Go through the listing below, and from the line containing "Generator OPEL ASTRA" through its last line, transcribe every line exactly, skipping pictures.

--------------------------------------------------

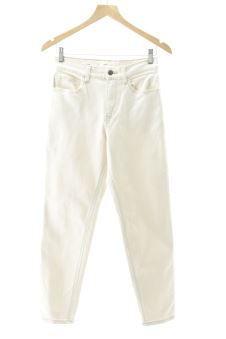 Jeans 36 Mango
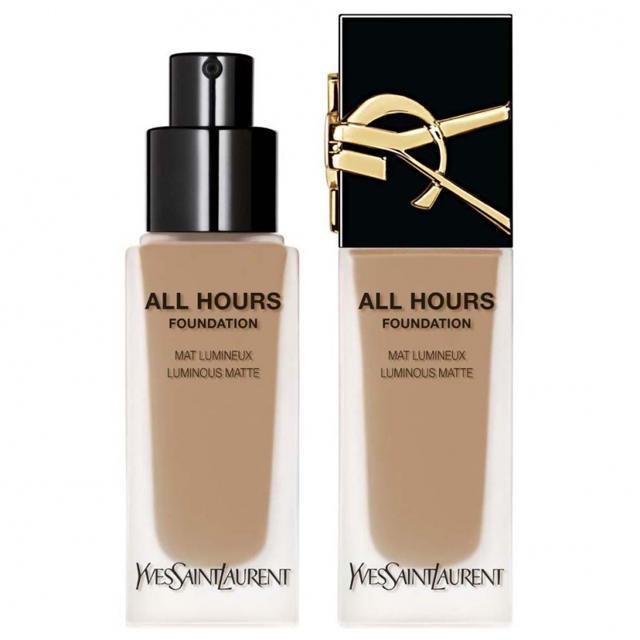 Yves Saint Laurent All Hours Foundation MC2 product image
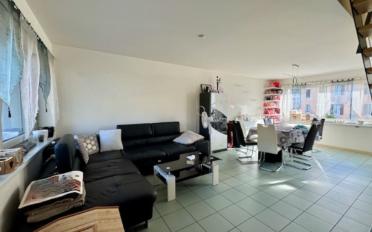 Reihenfamilienhaus 6.5 Zimmer - image - 4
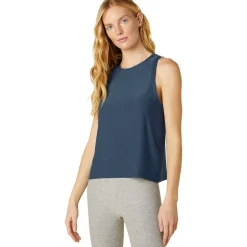 Featherweight ReBalance Tank Top - Women's
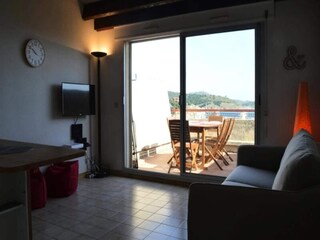Apartment Banyuls-sur-Mer  3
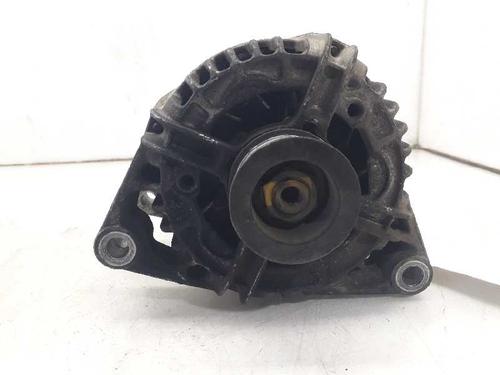 Generator OPEL ASTRA G Hatchback (T98) 2.0 DI (F08, F48) | BP2866523M7 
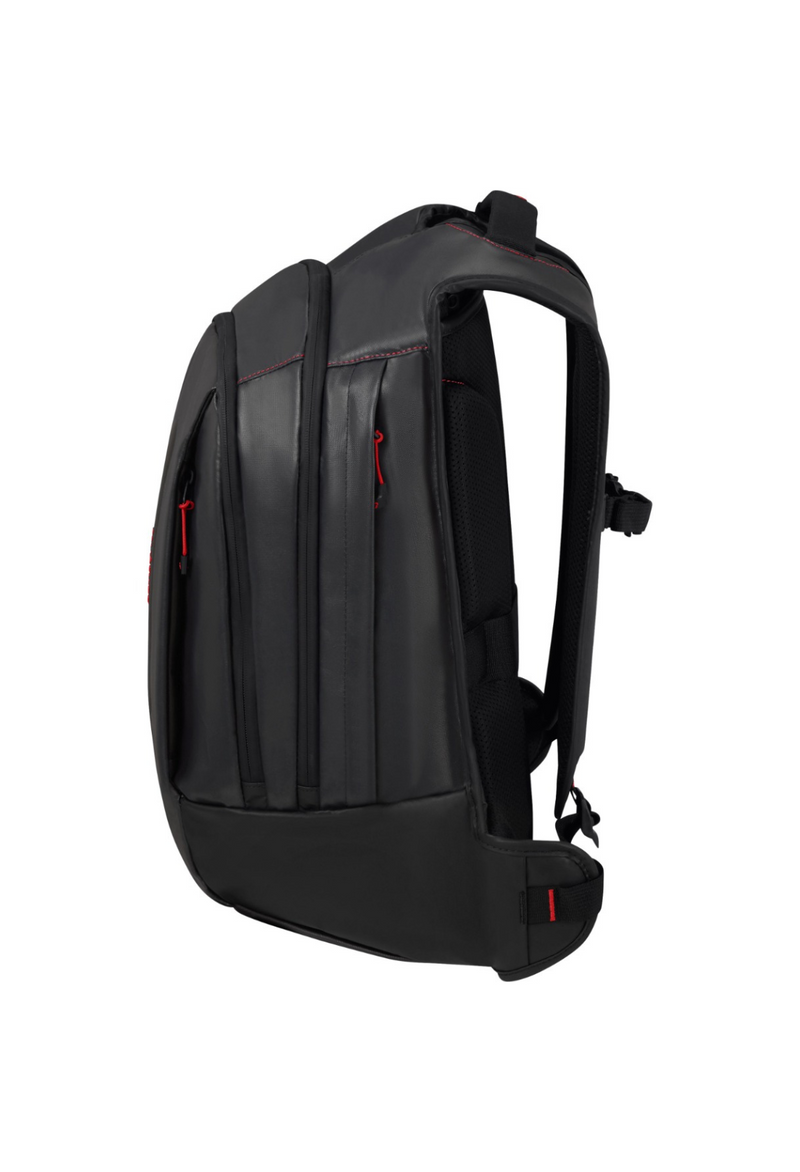 Samsonite Selection Ecodiver Laptoprucksack Rucksack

--------------------------------------------------

▶ **WRITTEN RESPONSE**
 Generator OPEL ASTRA G Hatchback (T98) 2.0 DI (F08, F48) | BP2866523M7 
 Samsonite Selection Ecodiver Laptoprucksack Rucksack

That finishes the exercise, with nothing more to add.